SPRINGFIELD, Ill. -- The Illinois House of Representatives and Senate passed landmark civil unions legislation Nov. 30 and Dec. 1 respectively. Gov. Pat Quinn has pledged to sign the bill. If he does, Illinois would become the 11th state to recognize civil unions or marriages between gay and lesbian couples.
The legislation was harshly criticized by the Illinois bishops and their public policy arm, the Illinois Catholic Conference. “The public understanding of marriage will be negatively affected by the passage of a bill that ignores the natural fact that sexual complementarity is at the core of marriage,” said Chicago Cardinal Francis George.

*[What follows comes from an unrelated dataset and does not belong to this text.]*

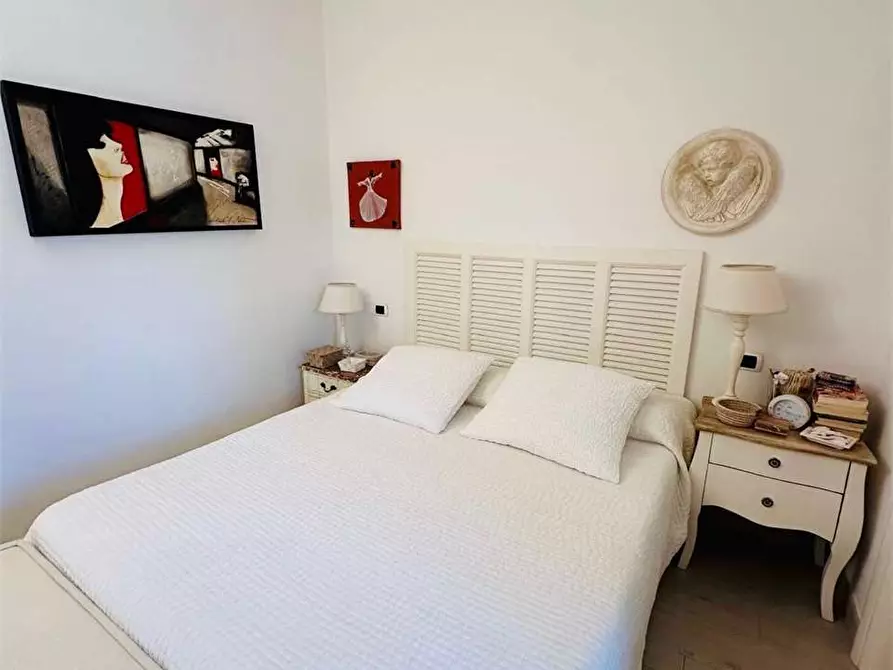 Immagine 18 di Villetta a schiera in vendita  in Via Duca D' Aosta a Forte Dei Marmi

The bill passed the Senate 32-24 and the House 61-52.
Quinn, who is Catholic, said his faith led him to support the legislation.
This raised the ire of Springfield Bishop Thomas John Paprocki, who issued a statement Dec. 1 saying, “He did not say what religious faith that would be, but it certainly is not the Catholic faith. … If he wishes to speak as a Catholic, then he is accountable to Catholic authority, and the Catholic church does not support civil unions or other measures that are contrary to the natural moral law.”
The Chicago Sun-Times reported that when Quinn was told of the bishop’s statement, he shrugged. “I follow my conscience,” the paper quoted Quinn as saying. “I think everyone should do that. I think that’s the most important thing to do in life, and my conscience is not kicking me in the shins today.”
The Catholic Conference of Illinois, which represents the state's bishops on public policy matters, said it regretted passage of a bill legalizing civil unions for same-sex couples.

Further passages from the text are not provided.